- [Your task]
Return the lines below exactly, starting with the line that contains "Days Inn by Wyndham Reno South - photo 5" and stopping after the last line.

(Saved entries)

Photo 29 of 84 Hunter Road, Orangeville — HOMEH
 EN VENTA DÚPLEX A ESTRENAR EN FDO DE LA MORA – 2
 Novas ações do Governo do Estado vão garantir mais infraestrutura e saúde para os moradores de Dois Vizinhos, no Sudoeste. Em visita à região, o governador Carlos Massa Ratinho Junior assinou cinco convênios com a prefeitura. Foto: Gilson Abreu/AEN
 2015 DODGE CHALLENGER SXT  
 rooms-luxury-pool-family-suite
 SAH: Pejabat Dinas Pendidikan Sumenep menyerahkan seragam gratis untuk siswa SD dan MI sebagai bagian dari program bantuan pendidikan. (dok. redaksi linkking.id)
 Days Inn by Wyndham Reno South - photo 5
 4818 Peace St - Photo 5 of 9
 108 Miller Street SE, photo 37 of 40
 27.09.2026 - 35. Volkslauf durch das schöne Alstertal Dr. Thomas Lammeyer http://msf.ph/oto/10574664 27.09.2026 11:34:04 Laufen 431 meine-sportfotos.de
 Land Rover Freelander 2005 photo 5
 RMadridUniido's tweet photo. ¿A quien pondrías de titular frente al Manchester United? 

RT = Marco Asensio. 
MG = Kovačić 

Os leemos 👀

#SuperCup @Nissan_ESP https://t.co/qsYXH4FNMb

- [Expected answer]
 Days Inn by Wyndham Reno South - photo 5
 4818 Peace St - Photo 5 of 9
 108 Miller Street SE, photo 37 of 40
 27.09.2026 - 35. Volkslauf durch das schöne Alstertal Dr. Thomas Lammeyer http://msf.ph/oto/10574664 27.09.2026 11:34:04 Laufen 431 meine-sportfotos.de
 Land Rover Freelander 2005 photo 5
 RMadridUniido's tweet photo. ¿A quien pondrías de titular frente al Manchester United? 

RT = Marco Asensio. 
MG = Kovačić 

Os leemos 👀

#SuperCup @Nissan_ESP https://t.co/qsYXH4FNMb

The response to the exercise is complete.